# TO DO
The following entries are to be repeated exactly, and the pictures are to be left behind.

Stored data:
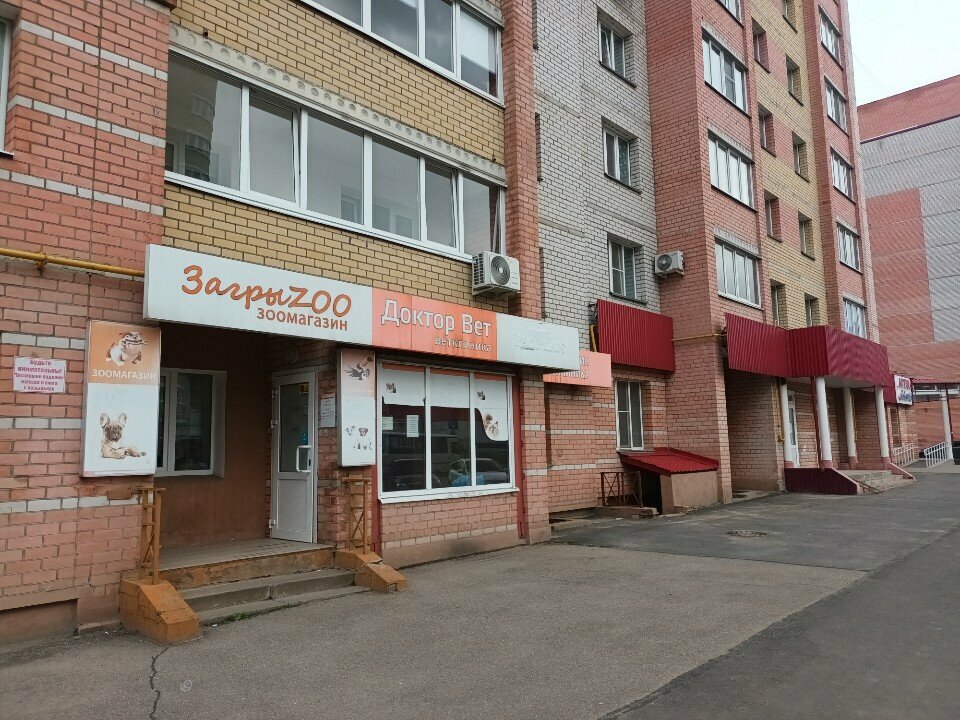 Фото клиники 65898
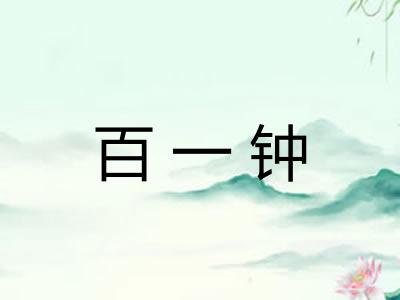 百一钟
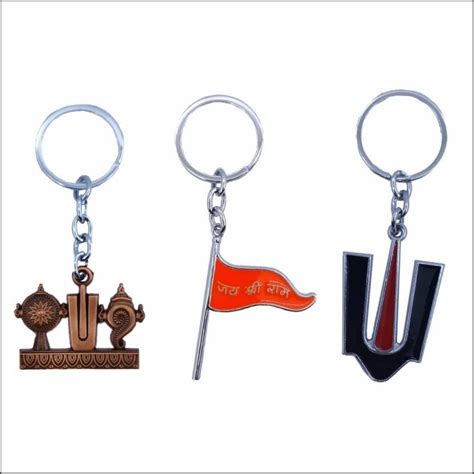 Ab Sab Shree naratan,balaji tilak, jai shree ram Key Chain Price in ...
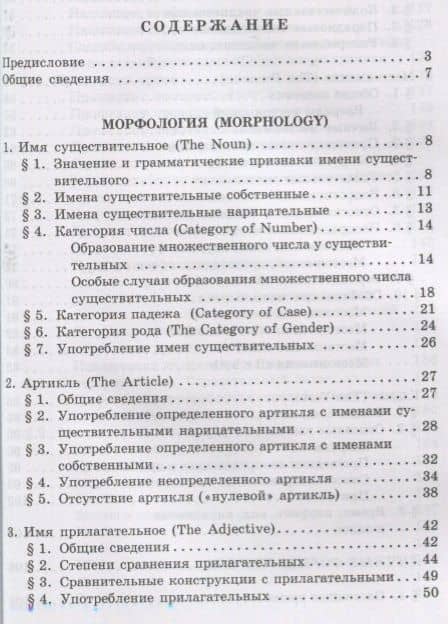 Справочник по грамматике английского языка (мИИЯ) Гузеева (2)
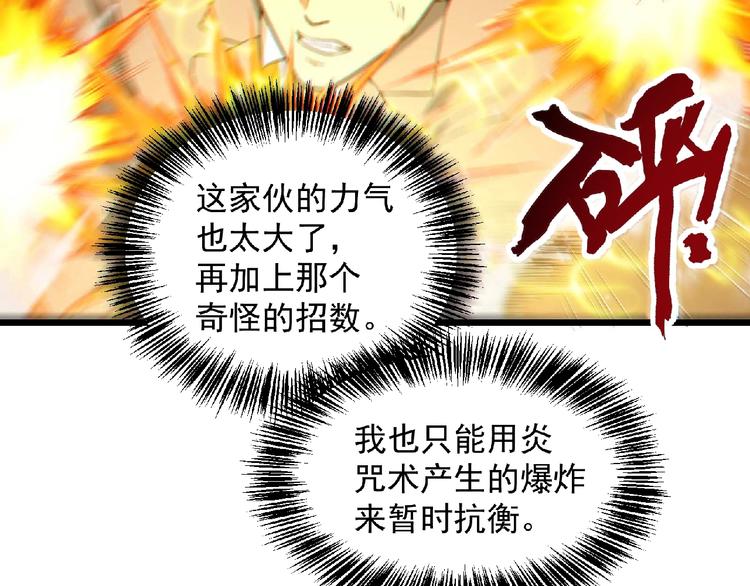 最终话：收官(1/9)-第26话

# TASK ANSWER
 Фото клиники 65898
 百一钟
 Ab Sab Shree naratan,balaji tilak, jai shree ram Key Chain Price in ...
 Справочник по грамматике английского языка (мИИЯ) Гузеева (2)
 最终话：收官(1/9)-第26话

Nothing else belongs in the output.